A motorbike is driven off a cliff at a horizontal velocity of 25 meters per second and takes 5 seconds to reach the ground below. Calculate the height of the e

dge of the cliff.

First, we need to find the vertical component of the velocity when the motorbike reaches the ground. We know that the acceleration due to gravity is -9.8 m/s^2 (negative because it acts in the opposite direction of the velocity).

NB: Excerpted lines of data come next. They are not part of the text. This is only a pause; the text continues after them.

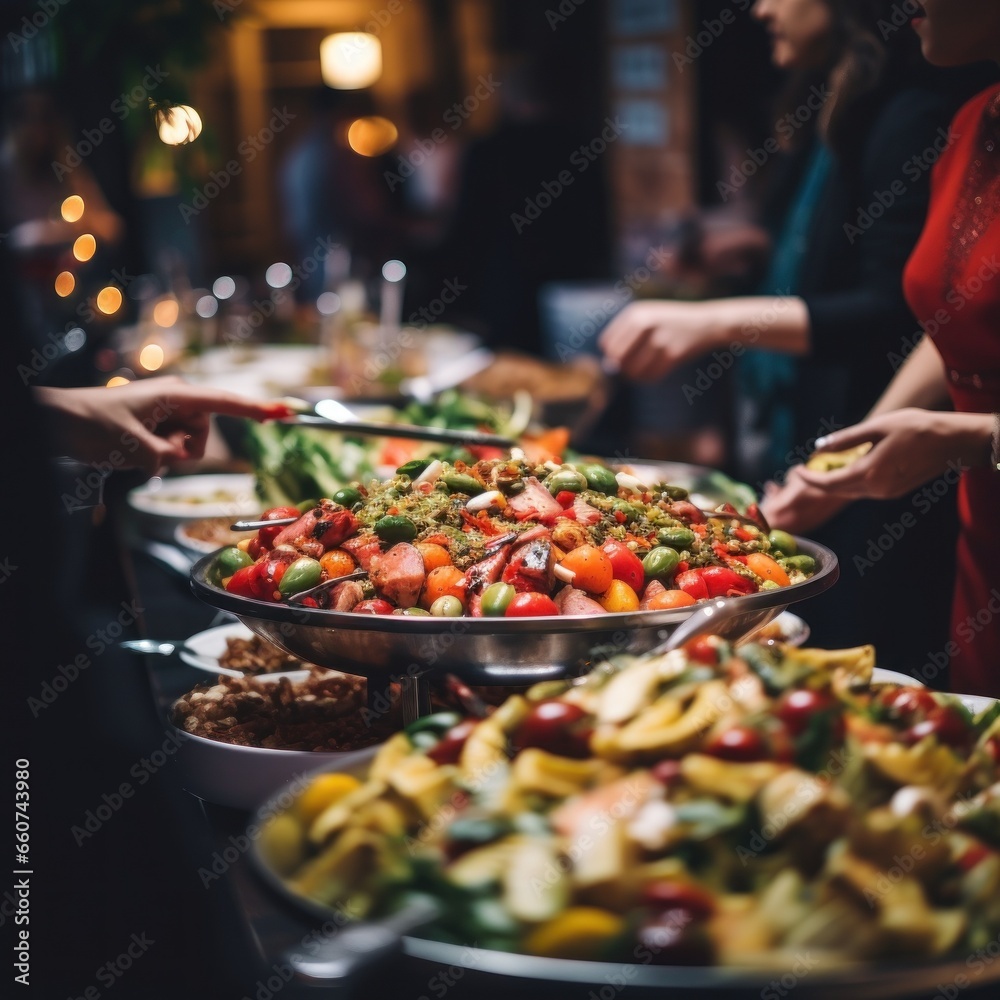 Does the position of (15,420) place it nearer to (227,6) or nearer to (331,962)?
(331,962)

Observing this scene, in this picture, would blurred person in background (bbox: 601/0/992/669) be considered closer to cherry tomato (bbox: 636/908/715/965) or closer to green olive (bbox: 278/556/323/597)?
green olive (bbox: 278/556/323/597)

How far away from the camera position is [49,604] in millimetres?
1120

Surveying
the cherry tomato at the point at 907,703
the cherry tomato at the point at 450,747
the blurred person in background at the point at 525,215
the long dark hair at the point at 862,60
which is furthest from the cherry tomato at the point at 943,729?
the blurred person in background at the point at 525,215

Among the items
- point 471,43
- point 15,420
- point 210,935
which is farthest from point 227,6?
point 471,43

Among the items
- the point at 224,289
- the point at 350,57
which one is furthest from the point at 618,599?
the point at 350,57

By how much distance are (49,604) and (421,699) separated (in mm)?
526

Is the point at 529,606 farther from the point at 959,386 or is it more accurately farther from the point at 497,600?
the point at 959,386

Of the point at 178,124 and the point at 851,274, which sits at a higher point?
the point at 178,124

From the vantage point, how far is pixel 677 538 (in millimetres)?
1614

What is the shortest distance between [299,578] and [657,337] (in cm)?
114

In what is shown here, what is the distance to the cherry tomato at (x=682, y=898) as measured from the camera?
855 millimetres

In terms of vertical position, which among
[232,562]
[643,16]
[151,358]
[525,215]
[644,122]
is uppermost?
[643,16]

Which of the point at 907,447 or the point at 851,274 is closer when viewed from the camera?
the point at 907,447

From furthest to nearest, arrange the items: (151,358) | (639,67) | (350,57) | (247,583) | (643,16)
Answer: (350,57)
(639,67)
(643,16)
(151,358)
(247,583) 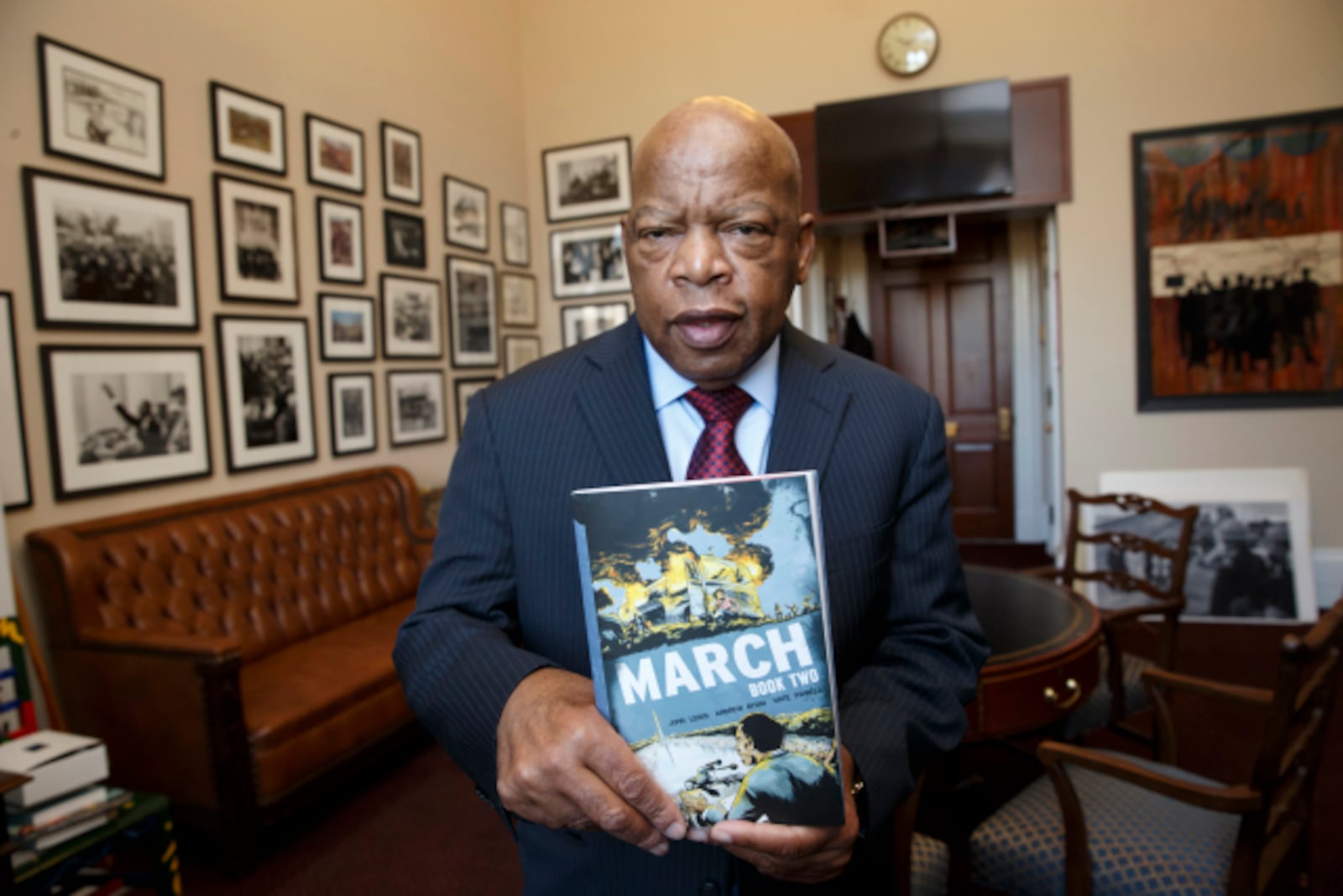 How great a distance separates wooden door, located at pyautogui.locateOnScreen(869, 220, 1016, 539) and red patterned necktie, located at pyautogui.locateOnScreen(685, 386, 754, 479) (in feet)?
20.8

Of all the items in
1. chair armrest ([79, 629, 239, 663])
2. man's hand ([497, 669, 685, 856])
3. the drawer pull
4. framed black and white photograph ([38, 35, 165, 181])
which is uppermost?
framed black and white photograph ([38, 35, 165, 181])

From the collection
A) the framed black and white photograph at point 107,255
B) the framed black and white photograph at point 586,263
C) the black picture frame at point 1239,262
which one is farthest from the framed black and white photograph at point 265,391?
the black picture frame at point 1239,262

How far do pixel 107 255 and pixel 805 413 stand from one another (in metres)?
3.23

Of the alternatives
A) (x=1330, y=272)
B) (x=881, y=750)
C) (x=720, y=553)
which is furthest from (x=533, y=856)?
(x=1330, y=272)

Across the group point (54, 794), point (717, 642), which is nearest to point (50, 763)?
point (54, 794)

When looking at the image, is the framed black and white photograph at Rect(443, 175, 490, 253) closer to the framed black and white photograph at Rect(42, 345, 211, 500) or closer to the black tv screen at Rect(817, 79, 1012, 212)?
the framed black and white photograph at Rect(42, 345, 211, 500)

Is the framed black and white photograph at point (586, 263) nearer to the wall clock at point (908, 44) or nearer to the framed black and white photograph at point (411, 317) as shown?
the framed black and white photograph at point (411, 317)

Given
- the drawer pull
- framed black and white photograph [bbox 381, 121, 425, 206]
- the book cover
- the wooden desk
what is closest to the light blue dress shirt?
the book cover

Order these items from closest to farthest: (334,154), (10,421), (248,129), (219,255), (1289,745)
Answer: (1289,745) → (10,421) → (219,255) → (248,129) → (334,154)

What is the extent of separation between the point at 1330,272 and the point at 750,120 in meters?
5.44

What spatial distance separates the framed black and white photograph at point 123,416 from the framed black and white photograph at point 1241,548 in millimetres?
4981

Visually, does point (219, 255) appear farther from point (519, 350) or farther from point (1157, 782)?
point (1157, 782)

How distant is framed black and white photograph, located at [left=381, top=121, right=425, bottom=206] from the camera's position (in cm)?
476

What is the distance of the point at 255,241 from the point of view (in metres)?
3.84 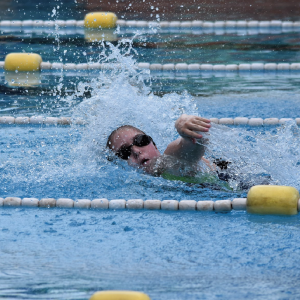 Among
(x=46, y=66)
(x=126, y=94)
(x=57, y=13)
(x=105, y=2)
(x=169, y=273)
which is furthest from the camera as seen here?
(x=105, y=2)

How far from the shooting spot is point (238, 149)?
3.07m

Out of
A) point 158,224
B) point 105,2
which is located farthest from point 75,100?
point 105,2

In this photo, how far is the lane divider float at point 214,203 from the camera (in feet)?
8.52

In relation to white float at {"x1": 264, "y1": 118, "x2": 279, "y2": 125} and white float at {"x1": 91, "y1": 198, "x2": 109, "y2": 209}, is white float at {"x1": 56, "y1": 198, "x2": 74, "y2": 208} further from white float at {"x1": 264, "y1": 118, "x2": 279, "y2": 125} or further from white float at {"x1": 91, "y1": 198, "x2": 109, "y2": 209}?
white float at {"x1": 264, "y1": 118, "x2": 279, "y2": 125}

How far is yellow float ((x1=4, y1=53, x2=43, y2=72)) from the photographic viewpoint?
211 inches

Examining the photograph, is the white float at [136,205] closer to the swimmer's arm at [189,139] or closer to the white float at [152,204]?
the white float at [152,204]

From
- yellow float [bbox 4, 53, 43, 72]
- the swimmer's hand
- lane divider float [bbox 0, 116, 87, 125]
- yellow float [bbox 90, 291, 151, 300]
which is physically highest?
yellow float [bbox 4, 53, 43, 72]

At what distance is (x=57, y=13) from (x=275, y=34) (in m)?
2.65

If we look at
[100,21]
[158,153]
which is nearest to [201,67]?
[100,21]

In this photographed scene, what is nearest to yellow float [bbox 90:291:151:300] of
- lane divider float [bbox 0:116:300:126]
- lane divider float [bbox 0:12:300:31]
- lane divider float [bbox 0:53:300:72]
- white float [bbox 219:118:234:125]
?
lane divider float [bbox 0:116:300:126]

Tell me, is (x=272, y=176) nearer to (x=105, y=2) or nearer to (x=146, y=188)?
(x=146, y=188)

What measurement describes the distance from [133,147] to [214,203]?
0.51 metres

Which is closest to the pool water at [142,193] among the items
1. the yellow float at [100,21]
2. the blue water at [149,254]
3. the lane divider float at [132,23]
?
the blue water at [149,254]

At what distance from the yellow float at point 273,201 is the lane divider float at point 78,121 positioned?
1331 mm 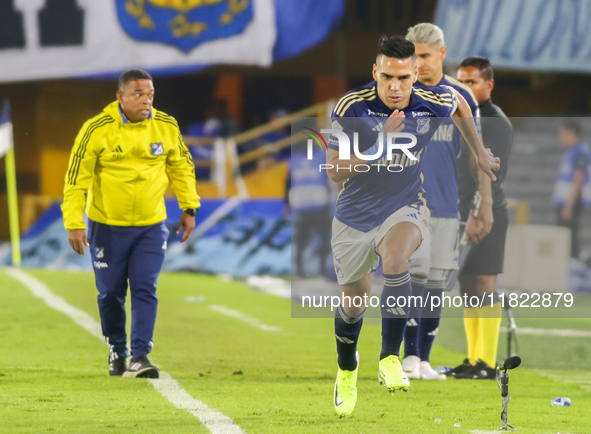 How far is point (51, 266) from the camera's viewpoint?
17.2 m

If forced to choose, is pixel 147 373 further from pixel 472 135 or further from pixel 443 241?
pixel 472 135

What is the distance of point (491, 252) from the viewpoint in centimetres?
766

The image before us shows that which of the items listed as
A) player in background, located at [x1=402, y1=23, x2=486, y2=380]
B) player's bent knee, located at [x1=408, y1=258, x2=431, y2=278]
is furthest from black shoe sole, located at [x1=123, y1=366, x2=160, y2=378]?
player's bent knee, located at [x1=408, y1=258, x2=431, y2=278]

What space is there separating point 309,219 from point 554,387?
8404 millimetres

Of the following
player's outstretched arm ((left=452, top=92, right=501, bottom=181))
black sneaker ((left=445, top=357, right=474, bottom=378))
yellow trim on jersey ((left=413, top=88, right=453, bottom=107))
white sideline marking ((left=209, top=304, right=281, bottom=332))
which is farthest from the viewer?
white sideline marking ((left=209, top=304, right=281, bottom=332))

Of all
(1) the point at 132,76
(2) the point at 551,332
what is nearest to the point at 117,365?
(1) the point at 132,76

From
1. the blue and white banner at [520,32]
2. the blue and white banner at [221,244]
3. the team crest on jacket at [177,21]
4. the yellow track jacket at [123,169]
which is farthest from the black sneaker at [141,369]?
the blue and white banner at [520,32]

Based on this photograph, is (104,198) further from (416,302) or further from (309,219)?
(309,219)

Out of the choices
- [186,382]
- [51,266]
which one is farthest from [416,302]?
[51,266]

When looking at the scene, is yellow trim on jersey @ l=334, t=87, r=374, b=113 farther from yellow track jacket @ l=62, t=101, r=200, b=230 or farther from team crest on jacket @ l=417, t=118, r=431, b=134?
yellow track jacket @ l=62, t=101, r=200, b=230

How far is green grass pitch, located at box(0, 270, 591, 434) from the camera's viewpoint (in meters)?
5.45

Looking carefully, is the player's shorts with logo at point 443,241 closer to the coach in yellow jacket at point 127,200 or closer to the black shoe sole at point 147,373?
Result: the coach in yellow jacket at point 127,200

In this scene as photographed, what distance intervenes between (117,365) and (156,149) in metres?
1.65

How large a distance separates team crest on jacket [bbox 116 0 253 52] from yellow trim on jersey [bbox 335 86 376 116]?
45.2 feet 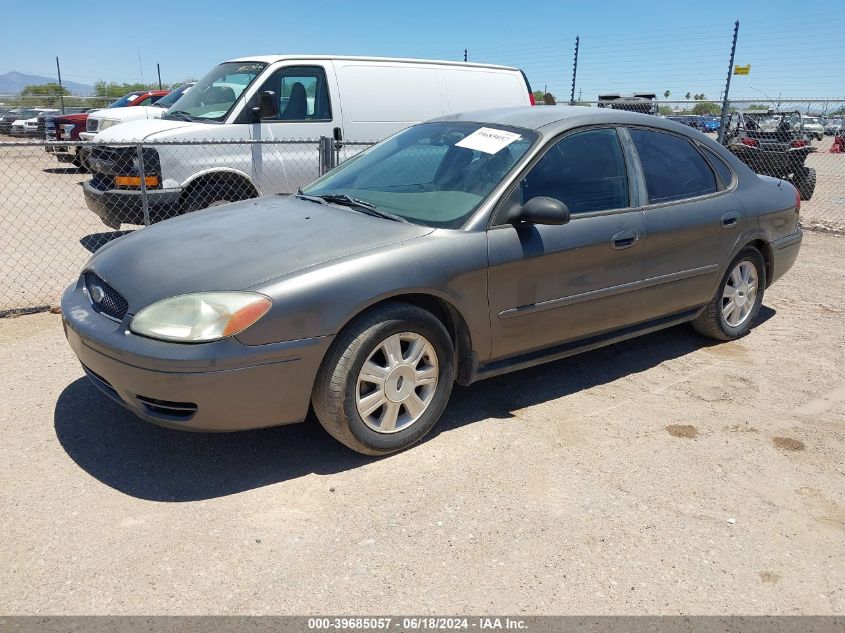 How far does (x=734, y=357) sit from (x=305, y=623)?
371cm

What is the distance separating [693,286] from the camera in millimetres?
4520

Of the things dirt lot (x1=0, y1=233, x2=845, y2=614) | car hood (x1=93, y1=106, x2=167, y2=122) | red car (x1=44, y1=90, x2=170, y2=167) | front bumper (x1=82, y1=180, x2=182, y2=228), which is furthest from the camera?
red car (x1=44, y1=90, x2=170, y2=167)

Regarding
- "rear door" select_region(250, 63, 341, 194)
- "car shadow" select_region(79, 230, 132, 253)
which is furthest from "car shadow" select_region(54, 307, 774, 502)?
"car shadow" select_region(79, 230, 132, 253)

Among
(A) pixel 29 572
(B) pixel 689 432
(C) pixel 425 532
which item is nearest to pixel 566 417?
(B) pixel 689 432

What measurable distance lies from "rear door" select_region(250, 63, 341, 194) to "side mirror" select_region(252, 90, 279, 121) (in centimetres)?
11

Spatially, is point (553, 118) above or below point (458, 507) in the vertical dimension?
above

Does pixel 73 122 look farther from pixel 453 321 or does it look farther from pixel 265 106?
pixel 453 321

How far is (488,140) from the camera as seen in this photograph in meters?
3.89

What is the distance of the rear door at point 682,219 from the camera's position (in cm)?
421

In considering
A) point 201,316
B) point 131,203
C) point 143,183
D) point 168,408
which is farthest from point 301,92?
point 168,408

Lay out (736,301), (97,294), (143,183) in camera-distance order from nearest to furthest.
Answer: (97,294) → (736,301) → (143,183)

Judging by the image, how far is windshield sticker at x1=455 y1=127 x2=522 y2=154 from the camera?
381 centimetres

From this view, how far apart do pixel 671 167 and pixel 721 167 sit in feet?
1.89

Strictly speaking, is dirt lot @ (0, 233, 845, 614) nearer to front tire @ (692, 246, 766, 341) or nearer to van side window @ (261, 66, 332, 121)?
front tire @ (692, 246, 766, 341) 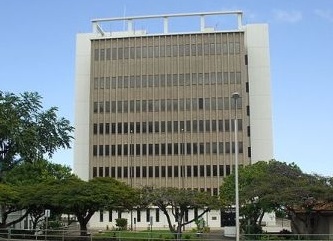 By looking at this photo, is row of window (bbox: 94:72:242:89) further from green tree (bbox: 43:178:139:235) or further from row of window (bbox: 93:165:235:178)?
green tree (bbox: 43:178:139:235)

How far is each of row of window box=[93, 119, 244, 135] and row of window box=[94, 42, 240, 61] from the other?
13036mm

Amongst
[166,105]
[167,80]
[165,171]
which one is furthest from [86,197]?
[167,80]

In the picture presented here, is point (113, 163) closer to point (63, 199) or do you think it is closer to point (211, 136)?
point (211, 136)

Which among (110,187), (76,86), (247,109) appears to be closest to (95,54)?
(76,86)

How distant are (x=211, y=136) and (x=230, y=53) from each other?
16.1 metres

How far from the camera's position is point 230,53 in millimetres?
102438

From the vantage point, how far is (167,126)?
104 m

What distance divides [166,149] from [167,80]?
525 inches

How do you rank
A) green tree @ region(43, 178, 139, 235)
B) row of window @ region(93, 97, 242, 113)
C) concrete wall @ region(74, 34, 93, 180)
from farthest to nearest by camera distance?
concrete wall @ region(74, 34, 93, 180) → row of window @ region(93, 97, 242, 113) → green tree @ region(43, 178, 139, 235)

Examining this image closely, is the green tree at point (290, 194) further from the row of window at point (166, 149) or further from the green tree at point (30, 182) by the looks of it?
the row of window at point (166, 149)

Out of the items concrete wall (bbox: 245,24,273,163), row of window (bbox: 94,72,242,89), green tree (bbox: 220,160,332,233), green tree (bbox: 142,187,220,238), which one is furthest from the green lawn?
row of window (bbox: 94,72,242,89)

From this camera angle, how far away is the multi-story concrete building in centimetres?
10131

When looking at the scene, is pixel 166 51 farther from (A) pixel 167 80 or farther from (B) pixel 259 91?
(B) pixel 259 91

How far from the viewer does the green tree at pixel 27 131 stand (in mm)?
61688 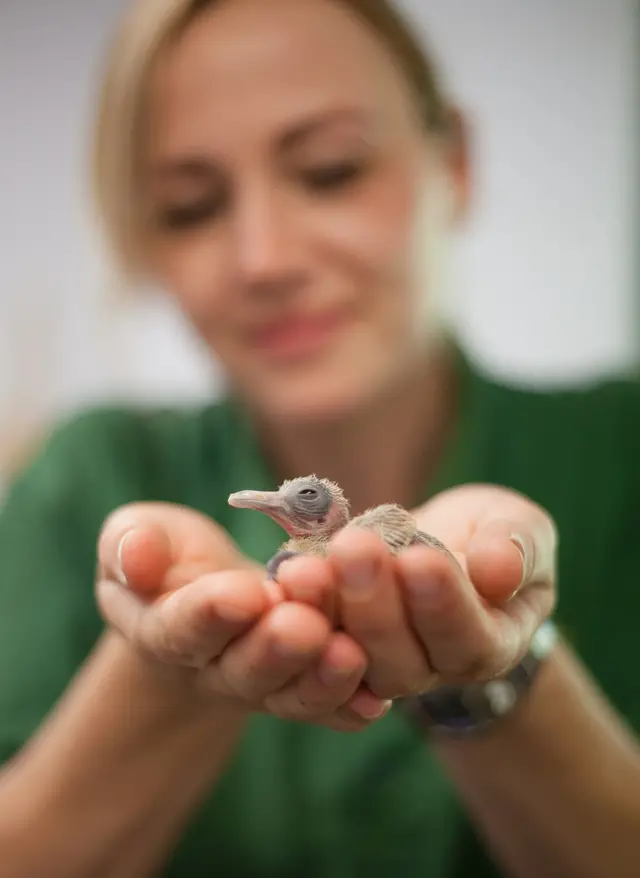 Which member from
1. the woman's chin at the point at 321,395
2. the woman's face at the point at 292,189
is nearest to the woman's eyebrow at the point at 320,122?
the woman's face at the point at 292,189

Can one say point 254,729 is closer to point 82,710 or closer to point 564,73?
point 82,710

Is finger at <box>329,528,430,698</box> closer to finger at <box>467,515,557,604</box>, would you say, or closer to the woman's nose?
finger at <box>467,515,557,604</box>

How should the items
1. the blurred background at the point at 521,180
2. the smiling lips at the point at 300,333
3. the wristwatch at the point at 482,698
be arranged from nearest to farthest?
the wristwatch at the point at 482,698
the smiling lips at the point at 300,333
the blurred background at the point at 521,180

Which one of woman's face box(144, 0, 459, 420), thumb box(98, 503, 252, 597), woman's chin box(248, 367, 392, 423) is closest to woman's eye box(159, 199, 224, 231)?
woman's face box(144, 0, 459, 420)

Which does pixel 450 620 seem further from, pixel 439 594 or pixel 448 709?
pixel 448 709

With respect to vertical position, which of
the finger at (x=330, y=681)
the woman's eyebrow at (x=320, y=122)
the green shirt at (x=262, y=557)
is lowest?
the green shirt at (x=262, y=557)

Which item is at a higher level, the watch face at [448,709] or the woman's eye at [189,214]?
the woman's eye at [189,214]

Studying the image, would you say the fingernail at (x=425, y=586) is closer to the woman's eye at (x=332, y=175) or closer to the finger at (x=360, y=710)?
the finger at (x=360, y=710) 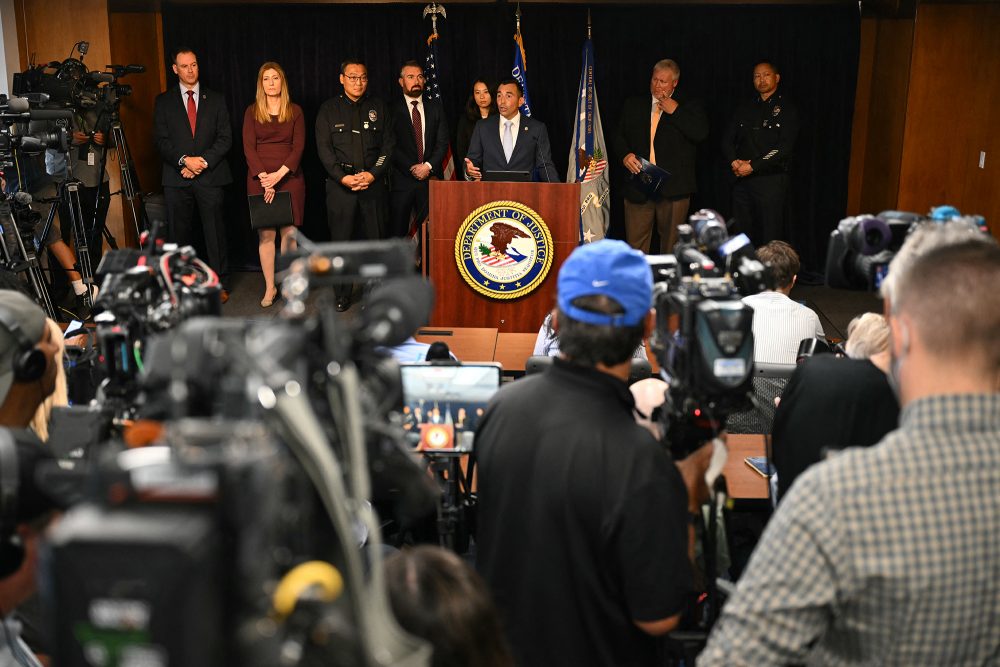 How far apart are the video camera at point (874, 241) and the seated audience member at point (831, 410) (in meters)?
0.20

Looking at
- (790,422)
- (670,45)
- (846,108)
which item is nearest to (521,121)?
(670,45)

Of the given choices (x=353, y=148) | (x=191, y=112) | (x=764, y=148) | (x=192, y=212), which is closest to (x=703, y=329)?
(x=353, y=148)

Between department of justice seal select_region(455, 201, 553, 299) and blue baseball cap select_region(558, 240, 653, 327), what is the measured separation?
3.28 m

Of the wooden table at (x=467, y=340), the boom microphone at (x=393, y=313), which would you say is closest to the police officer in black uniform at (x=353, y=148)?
the wooden table at (x=467, y=340)

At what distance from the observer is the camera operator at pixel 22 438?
1369 mm

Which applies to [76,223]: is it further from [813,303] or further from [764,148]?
[813,303]

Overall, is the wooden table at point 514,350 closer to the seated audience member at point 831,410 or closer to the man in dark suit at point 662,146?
the seated audience member at point 831,410

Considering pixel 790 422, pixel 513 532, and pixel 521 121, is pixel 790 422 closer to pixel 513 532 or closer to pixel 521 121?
pixel 513 532

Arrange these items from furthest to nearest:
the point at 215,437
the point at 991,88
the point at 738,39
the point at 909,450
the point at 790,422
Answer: the point at 738,39
the point at 991,88
the point at 790,422
the point at 909,450
the point at 215,437

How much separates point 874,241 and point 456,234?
10.6 ft

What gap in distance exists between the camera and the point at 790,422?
7.63 ft

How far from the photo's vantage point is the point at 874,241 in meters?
2.14

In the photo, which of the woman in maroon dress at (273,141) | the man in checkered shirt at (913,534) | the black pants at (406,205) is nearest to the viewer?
the man in checkered shirt at (913,534)

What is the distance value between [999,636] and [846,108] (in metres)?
7.13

Using the equation of motion:
vf = vi + at

where:
vf = final velocity (0 m/s when the motorbike reaches the ground)
vi = initial velocity (0 m/s as the vertical component of velocity starts at 0 m/s)
a = acceleration due to gravity (-9.8 m/s^2)

0 = 0 + (-9.8)t
t = 5 seconds

Now we can find the vertical distance traveled by the motorbike using the equation of motion:
d = vit + (1/2)at^2

where:
d = vertical distance traveled
vi = initial vertical velocity (0 m/s)
a = acceleration due to gravity (-9.8 m/s^2)
t = time (5 seconds)

So, d = 0 + (1/2)(-9.8)(5)^2
d = (1/2)(-9.8)(25)
d = -122.5 meters

Since the motorbike was driven off horizontally, the horizontal distance traveled at 25 m/s for 5 seconds would be:
25 m/s * 5 s = 125 meters

Therefore, the total distance traveled by the motorbike before hitting the ground would be the hypotenuse of a right triangle formed by the vertical and horizontal distances:
sqrt((125)^2 + (-122.5)^2) = sqrt(15625 + 15062.5) = sqrt(30687.5) = 175.1 meters

So, the height of the edge of the cliff would be 175.1 meters.